··· GIVEN ENTRIES ···

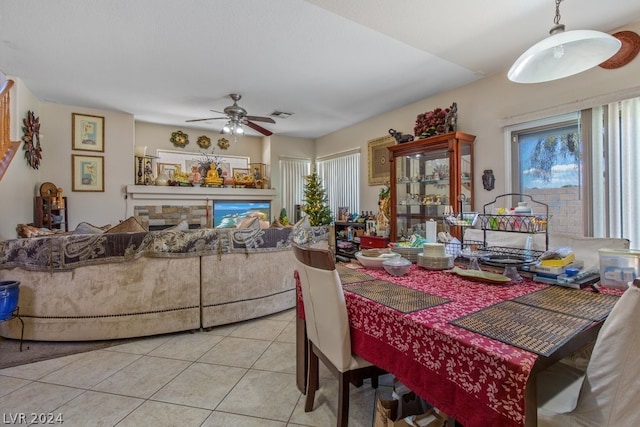 tiled dining area with ceiling fan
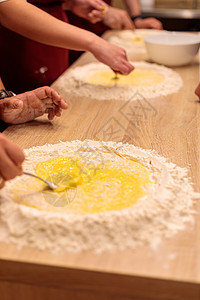 几个人的手在敲打桌上的面粉 用面粉混合一个生蛋白色厨师厨房糕点营养木板食谱食物蛋黄勺子图片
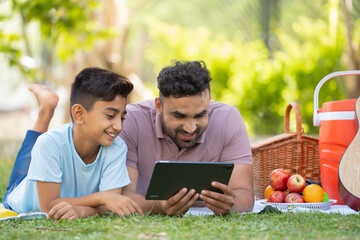 Happy smiling indian father with son using digital tablet during weekend picnic at park - concept...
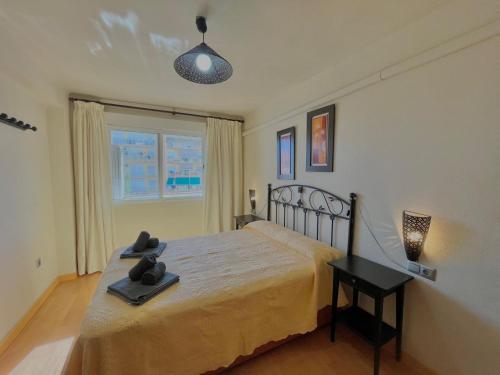 a bedroom with a large bed and a window at Apartamentos Terrasol BARCO 5 in Torre del Mar
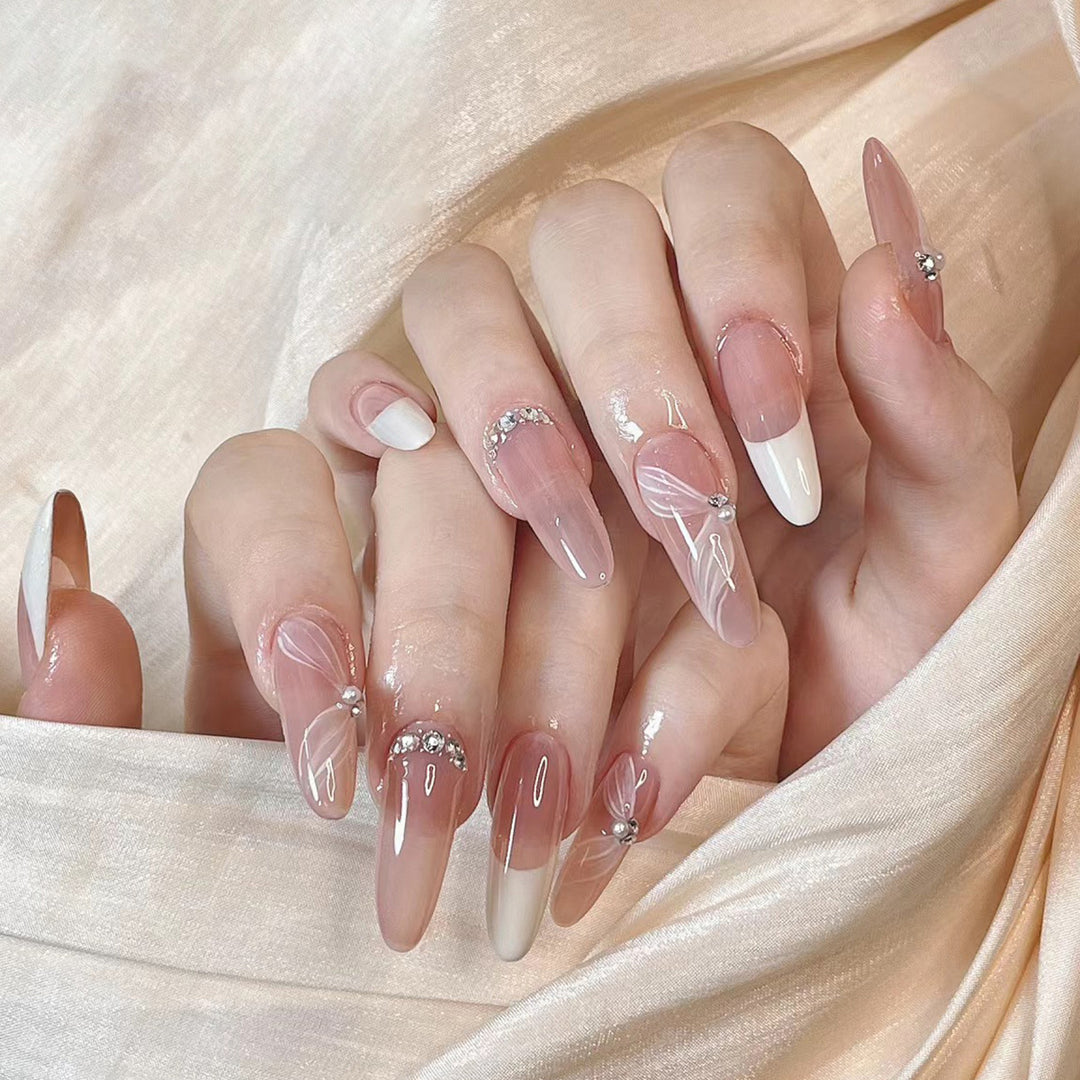 Elegant Long Stiletto Press-On Nails with Floral and Gem Accents Bowlift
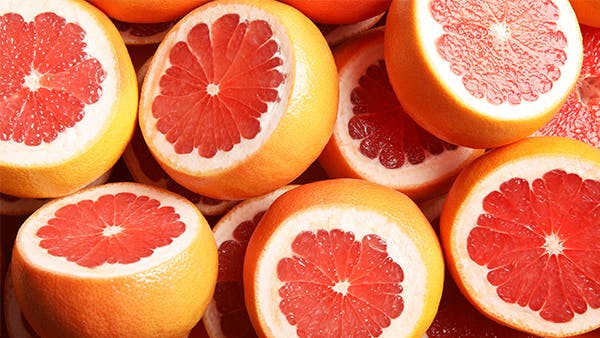 freshly cut grapefruit image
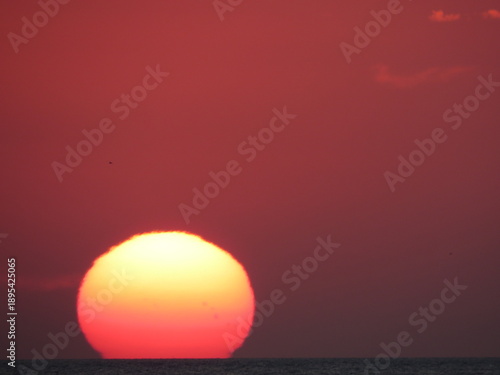 Photos Sunset sun dipping below horizon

···

* **EXERCISE**
Leave the pictures out. Extract exactly the lines running from the one with "freshly cut grapefruit image" through the last entry, both ends included.

* **SOLUTION TO THE EXERCISE**
 freshly cut grapefruit image
 Photos Sunset sun dipping below horizon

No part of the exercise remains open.